If you follow US horse racing to any degree, then you’ll know that the industry has a massive horse race doping problem. The chickens finally came home to roost this last week. The US trainer, Jason Servis is one of over 27 individuals charged with a scheme to give illegal drugs to horses. He’s looking at up to five years in the slammer.
Introduction: Horse Race Doping Scheme
Everyone remembers the last Kentucky Derby in which the winner was Maximum Security. Hopefully you placed the right bet with Intertops. Now this horse had been a graded winner across any number of stakes races. But for this race was duly disqualified for interfering with other horses. The racing industry is already under a microscope, thanks to over three dozen horse deaths at the Santa Anita raceway last year. Essentially, the trainers are doping the poor beasts till they die.

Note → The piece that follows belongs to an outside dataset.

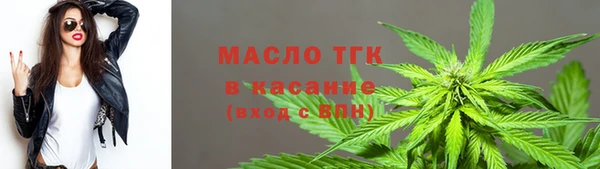 apvp Балахна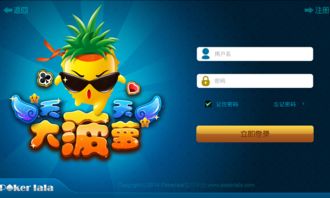 菠萝音乐app安卓免费下载 (图1)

Performance Enhancing Drugs
A grand jury is being put together by the US Attorney’s Office for the Southern District of New York. They are handing down four indictments which date back to over nine years of evidence. The assistant director of the FBI’s New York field office, Bill Sweeney gave a press conference. He said that horses were being given both mis-branded and medically unnecessary medications. He said, “As we allege, PEDs (performance enhancing drugs) were given to race horses. This was in an effort to increase their performance beyond their natural abilities. These substances stimulated endurance, deadened nerves, increased oxygen intake, and reduced inflammation. What actually happened to the horses amounts to nothing less than abuse.”

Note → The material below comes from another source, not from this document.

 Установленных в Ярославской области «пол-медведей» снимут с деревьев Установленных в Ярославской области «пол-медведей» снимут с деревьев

Fed Intercepted Calls from Servis
Last June Servis placed a call to a veterinarian called Kristian Rhein. This was during the period when Maximum Security was training for the Pegasus Stakes at Monmouth Park. The race horse received injections of the drug SGF-1000. This drug is to promote tissue repair and increase the horses stamina. Rhein confidently assured Servis that there was no need to be worries about testing….as no test for it existed in the US. Unfortunately for both of them the authorities were listening in on the call. In another call intercept a few months earlier, Servis chats with another trainer, Jorge Navarro, and claims that he was using the same drug with all the horses in his training stable. During this call Navarro admits to using PEDs, though didn’t want to discuss the issue over the phone.
Navarro and Rhein also Face Horse Race Doping Charges
Navarro was doping all his horses to the point that six of them died around Feb 2019. He also drugged the champion winning horse, XY Jet prior to racing in Dubai. Apparently the horse received 50 oral injections leading up to the race and on the race day itself. In January the horse went on to win 12 of the 26 races she was running in. In doing so, her earnings were more than $3 million. And yet just a month later, she was dead. There is such is the pressure to win along with the huge money generated by gamblers. Many of them using these online sportsbook sites in the US. So it’s really no surprise these practices have been going on for so long. The real question is why it took so long to bring them out into the light.
Industry Stakeholders Denounce Horse Race Doping
Not surprisingly, the reaction from the horse racing industry, and in particular from animal welfare groups, was both swift and harsh. The Humane Society of the United States, the Coalition for Horse Racing Integrity and the Jockey Club all called for the immediate passage of the Horse racing Integrity Act. This Federal bill would introduce the same drug and safety standards across the whole country. PETA put out a statement pointing out that this case was really just the tip of the iceberg. They would like the bill to include animal cruelty and asked for lifetime bans for those found guilty. As online sportsbook news in the US reported, “These crimes cheat bettors of billions of dollars. They are egregiously cruel to horses. And they result in rampant injuries, pain, and deaths, such as those cited in the indictment,” PETA Senior Vice President Kathy Guillermo said in a statement.